Mumsnet has not checked the qualifications of anyone posting here. If you need help urgently or expert advice, please see our domestic violence webguide and/or relationships webguide. Many Mumsnetters experiencing domestic abuse have found this thread helpful: Listen up, everybody

Feeling like dp dislikes who I am naturally

78 replies

Henala91 · 03/03/2024 23:10

Just looking for some insight into my situation.

I have been with my dp for 9 years, we have 2 dc and are late 20s. My issue is, I feel like he hates who I naturally am…

there are many things I do that seem to really bother him, these things don’t seem big issues to me but they are to him and most of them are just the way I am and can’t help it.

for example, he is very particular with things (I feel like he could have ocd but I’m not sure) and if I don’t do things to his standard of what he believes is the right way, or how things should be done, then he will tell me I’m dumb and useless. It could be something small such as this morning he had seen a pair of my leggings drying on the clothes rack, he got very annoyed that I had washed a pair of leggings after only wearing them once (because he believes it was too soon, usually I would have worn them a few times but clearly there was a reason they needed to be washed sooner).

this is one small example, of many things that he picks out, and he will blame the fact that I was the last born child in my family and say I was babied etc.

he is constantly referring to me being ‘dumb’ and that I do things ‘half hearted’ and how he has to be my ‘line manager’ and tell me what to do, make me take accountability, has to double check things as he can’t rely on me to do a job properly etc. I know I am not dumb, I have many qualifications and have been quite advanced compared to others I have studied with so I know academically I’m not stupid. I also feel I have a lot of common sense, I am very independent and don’t struggle with anything so how could I be dumb? It seems he only refers to this due to him believing things should be done how he thinks they should be.

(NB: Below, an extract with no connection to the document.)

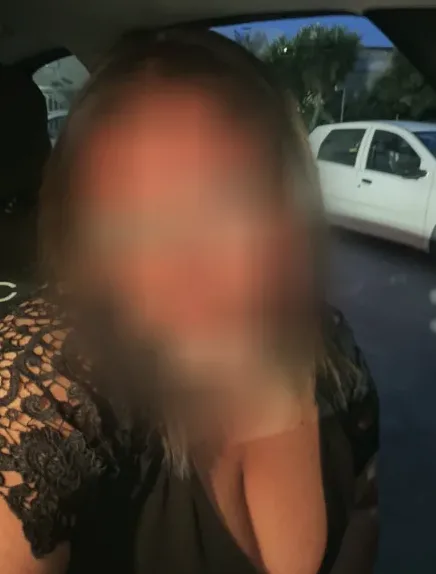 Nora, 40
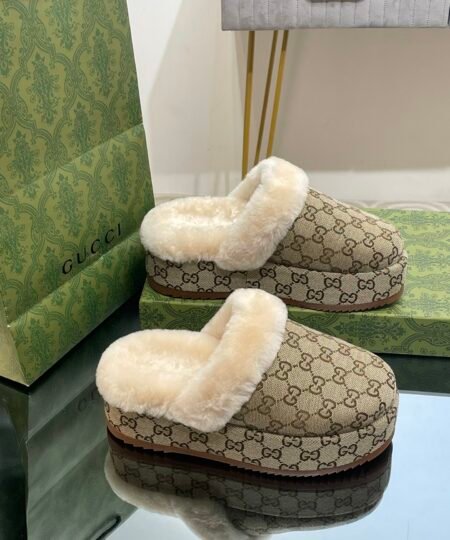 Gucci Molly Mule In Beige Monogram Jacquard Fabric And Shearling Lining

because of these things he says it’s just ‘who I am’ and that he will have to learn to adapt to me as I won’t be able to change as it’s inbred in me/how I’ve been raised. When I compare myself to others I honestly don’t think these things he points out are a big deal, but if I told him that it will only give him more reason to make me feel like it’s because I’m lazy and have been raised a certain way that’s not to his standard.

there are other things, I am quite young spirited for my age, I’m very mature but I like to be silly and have my fun/childish side and I’m quite innocent. I know he likes the fact I’m very innocent and sweet naturally, I genuinely can’t help that’s how I am naturally and even if I tried I just can’t change my spirit which is very calm, kind, young, innocent etc. but there are times he’ll also make me feel like he doesn’t like that part of me. He will call me a child, tell me I never grew up, I’m ‘stuck’ back in time etc.

it has just gotten to a point where I just feel he hates my natural self. He will tell me he loves me but his actions and words sometimes make me feel like he doesn’t genuinely like the real me. It seems to me that my natural self annoys him, I feel like everything I do just irritates him.

OP posts:
WoodBurningStov · 03/03/2024 23:19

He sounds bloody awful. Controlling, verbally abusive and a fun sponge to boot.

We don't have to love everything about our partners, but even at our worst I'd never call my dh dumb or a child.

Picklestop · 03/03/2024 23:19

Unfortunately I would have to agree with you. It doesn’t seem like he does like you. You are only in your 20s, you don’t need to settle for a man that has no respect for you and keeps belittling you.

Catoo · 03/03/2024 23:26

He sounds like a twat OP

Do you tell him not to talk to you like that? Do you tell him you can wash your clothes whenever the fuck you like?
Do you tell him that if he calls you dumb just one more time you are done?

If by sweet and innocent you mean you don’t stand up for yourself, then it’s time to knock it off and get serious about commanding some respect from the bullying arsehole. I mean either that or LTB.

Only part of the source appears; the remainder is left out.